I have implemented a small CNN in RenderScript and want to profile performance on other hardware. On my Nexus 7, times make sense, but not on NVIDIA Shield.
CNN (LeNet) is implemented in 9 layers in the queue, the calculation is performed sequentially. Each level is assigned individually.
Here is an example:
conv1 pool1 conv2 pool2 resh1 ip1 relu1 ip2 softmax nexus7 11.177 7.813 13.357 8.367 8.097 2.1 0.326 1.557 2.667 shield 13.219 1.024 1.567 1.081 0.988 14.588 13.323 14.318 40.347
The time distribution is approximately suitable for communication, with conv1 and conv2 (convolution levels) taking up most of the time. But on the shield, the times drop higher than is reasonable for layers 2-4, and it seems that they are about to end. The softmax layer is a relatively small job, so 40 ms is too long. My synchronization method must be faulty or something else is happening.

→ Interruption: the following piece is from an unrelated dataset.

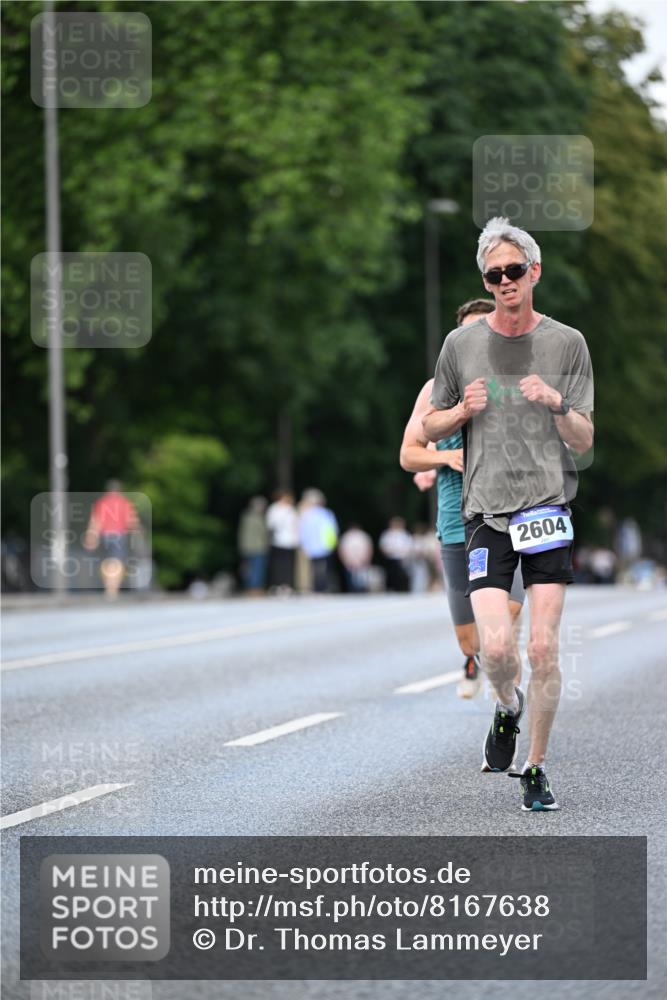 29.06.2025 - hella hamburg halbmarathon Dr. Thomas Lammeyer http://msf.ph/oto/8167638 29.06.2025 09:45:20 Kennedybrücke 1241, 2604, 10485 meine-sportfotos.de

The code executing the layers looks something like this:
double[] times = new double[layers.size()]; int layerindex = 0; for (Layer a : layers) { double t = SystemClock.elapsedRealtime();
I understand that once forEach_ () returns, work must be completed. In any case, mRS.finish () should provide the final barrier. But, looking at the time, the only reasonable explanation is that jobs are still being processed in the background.
The application is very simple, I just run the test from MainActivity and type in logcat. Android Studio creates the application as a release and launches it on a USB device.
(1) What is the correct way to handle RenderScript processes? (2) Is it true that when returning forEach_ (), the threads generated by the script are guaranteed? (3) In my test application, I just run directly from MainActivity. Is this a problem (other than blocking the user interface thread and application inactivity)? If it affects time or is weird, what is the right way to set up a test application like this?